APScheduler add lots of jobs concurrently (database Jobstore)

How can I schedule lots of APScheduler jobs (4,000+) concurrently? (I must schedule all these after certain user events.)
Iteratively calling add_job simply takes too long with many jobs. But when I try to use AsyncIOScheduler and the following async code, I don't get any added performance increase either.
NOTE: my scheduler needs to connect to a SQL jobstore via SqlAlchemy
scheduler = AsyncIOScheduler(jobstores={"default": SQLAlchemyJobStore(url="a valid db connection str")})
scheduler.start()
def schedule_jobs_quickly():
# init lots of (fake) jobs
jobs = []
for i in range(3000):
jobs.append(i)
send_time = datetime.datetime.now() + datetime.timedelta(days=2)

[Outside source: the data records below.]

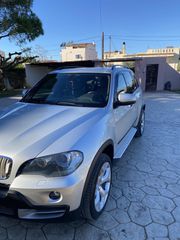 Bmw X5 2008 3.0 M Packet Diesel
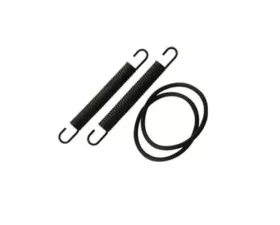 FMF Spring & O-Ring Kit Honda Moto CR500R 1989-2001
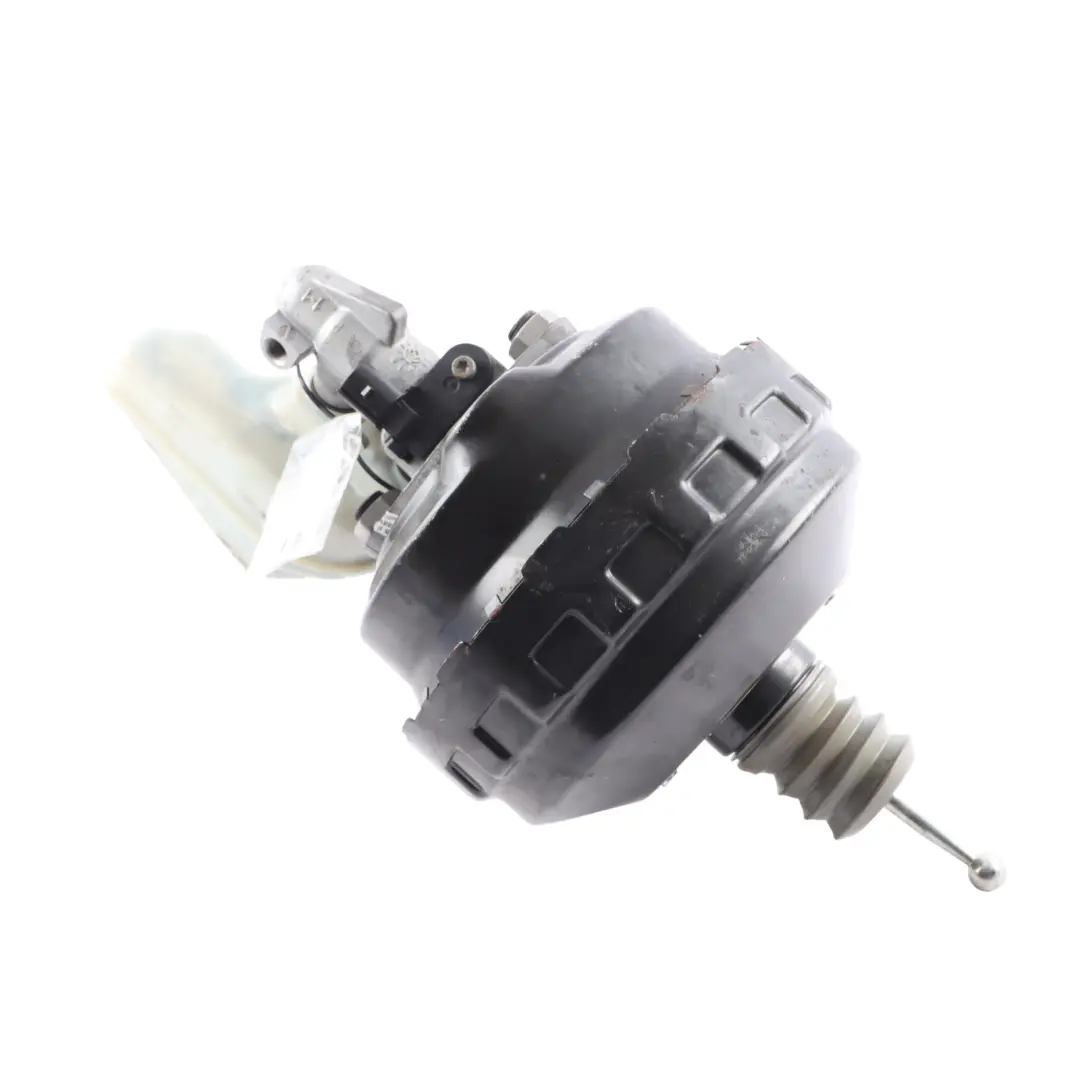 Volkswagen VW Scirocco Mk3 Brake Servo Master Cylinder Booster Unit - SKU RHD-1K2614105BA-1 - Part number 1K2614105BA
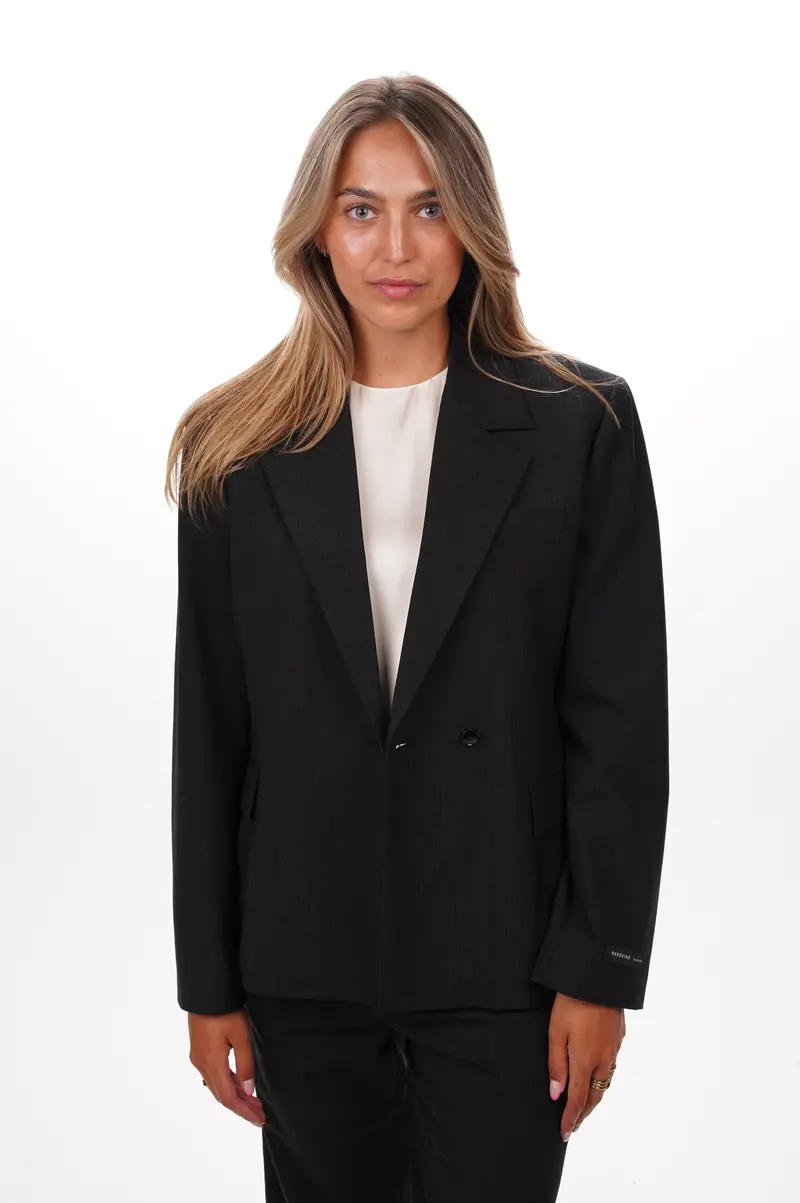 HERSKIND Ladies Blazer Wasty fitted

# try to schedule jobs concurrently
start_time = time.time()
asyncio.get_event_loop().run_until_complete(schedule_all_jobs(jobs, send_time))
duration = time.time() - start_time
print(f"Created {len(jobs)} jobs in {duration} seconds")
async def schedule_all_jobs(all_jobs, send_time):
tasks = []
for job in all_jobs:
task = asyncio.ensure_future(schedule_job(job, send_time))
tasks.append(task)
await asyncio.gather(*tasks, return_exceptions=True)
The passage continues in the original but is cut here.